In an interview with CP24 on Monday, Stintz acknowledged that she and Ford may campaign on some of the same policies but she insisted she will be able to unify council and accomplish more if voters send her to the mayor’s chair a year from now.

“I think on the fiscal record we share the same voting,” Stintz told CP24 commentator Stephen LeDrew. “I think on other issues it’s taken more time to build consensus and I’ve been (a councillor) who’s been building consensus on council and I’m proud of the record I’ve achieved.

“You build a city by bringing people together and moving forward and there’s lots of initiatives that have started,” Stintz added. “I want to keep the momentum moving and move our city forward.”

In an apparent dig at the mayor and the controversies that have dogged him since he was elected three years ago, Stintz suggested that city hall would be free of distractions if she was mayor.

“I want to make sure that we focus on the issues and not the personalities, and that’s because that’s how we build a city and move it forward,” she said.

The mayoral race began to take shape over the weekend when Stintz announced her bid, joining Ford and former Scarborough councillor David Soknacki in a contest that officially begins when the nomination period opens Jan. 2. Candidates have until Sept. 12, 2014, to file their papers before the Oct. 27, 2014, election.

After giving reporters a tour of his Halloween-decorated office Monday, Ford said the campaign is "going to be a bloodbath," indicating he is prepared to battle opponents who target him over the many controversies that surfaced during his first term.

Ford shrugged off questions about whether he is worried about personal issues being used as political ammunition.

“We’ll cross that bridge when we get there," Ford told reporters.

Ford wouldn’t speak specifically about Stintz, but he said he welcomes “everyone” in the race.

“Just bring it on. I just can’t wait to get at it and start debating these people,” Ford said.

Chow, Tory are rumoured candidates

Speculation continues to swirl around NDP MP Olivia Chow and former Ontario Progressive Conservative leader John Tory. Both have confirmed to CP24 that they are considering a run.

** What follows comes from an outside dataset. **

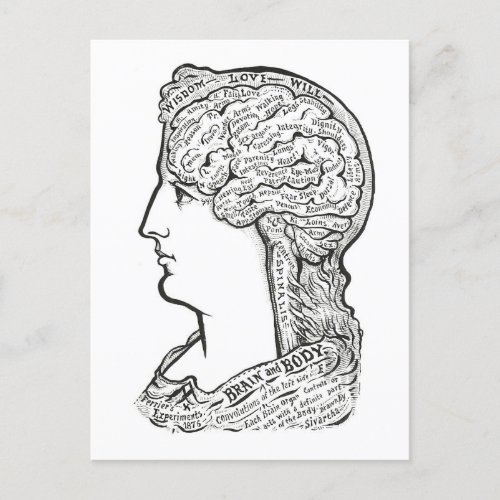 Vintage Illustration of Brain_Body Connection Postcard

In an interview with CP24 on Monday, Tory said he is in no rush to make a decision and it would be premature for anyone to announce a mayoral bid a full year in advance.

“I’m working on city stuff as a volunteer and I will keep doing that, and the universe will unfold as it should,” Tory told LeDrew. “I just don’t understand why everybody is sort of rushing people like me, or anybody else for that matter, to say 'Well, you have to decide now.'”

Tory said council members who are running in 2014 should spend the next six to eight months focusing on city business instead of campaigns.

Members of Stintz’s growing campaign team include Liberals and Tories but no NDP members. But it appears Stintz, a self-described fiscal conservative, is trying to convince Chow to reconsider and support her instead.

“Once Olivia Chow decides that I am the best candidate maybe she will endorse me,” Stintz told CP24 with a smile.

Stintz said she hasn’t had any discussions with Chow but a meeting “is in the works.”

The councillor's campaign is being managed by Liberal strategists Don Guy and Dave Gene, who worked for Dalton McGuinty when he was premier. Ford said reporters "will find out shortly" who is managing his campaign.

Stintz, Ford at odds over subway expansion

Stintz said she is running for mayor because she wants to maintain the city’s fiscal record, make sure that proposed transit projects are implemented, and better integrate GO Transit and TTC services to improve customer service.

Stintz, who was appointed TTC chair by Ford in 2010, wants the city’s next investment in public transit to be a downtown relief line. Ford wants to expand the subway system further into the suburbs before building a downtown relief line, telling reporters Prime Minister Stephen Harper has encouraged him to build a connection between the Sheppard line and the proposed Scarborough extension.

By announcing her bid a year before voters go to the polls, Stintz is getting the jump on most of her eventual competition.

“It’s a long campaign. It’s a year to the day, almost, that voters will be going to the polls and it’s a big city, so I want to make sure people get a chance to know who I am and what I stand for, and they feel confident that I can represent them at city hall,” said Stintz, who has represented Ward 16 (Eglinton-Lawrence) since late 2003.

On his weekly radio show Sunday, Ford said he is “absolutely salivating” over the opportunity to defend his record during the campaign.

Stintz had a less colourful response to Ford’s enthusiasm.

“It will be an interesting year ahead and I’m looking to 2014 and the issues facing the city,” she said.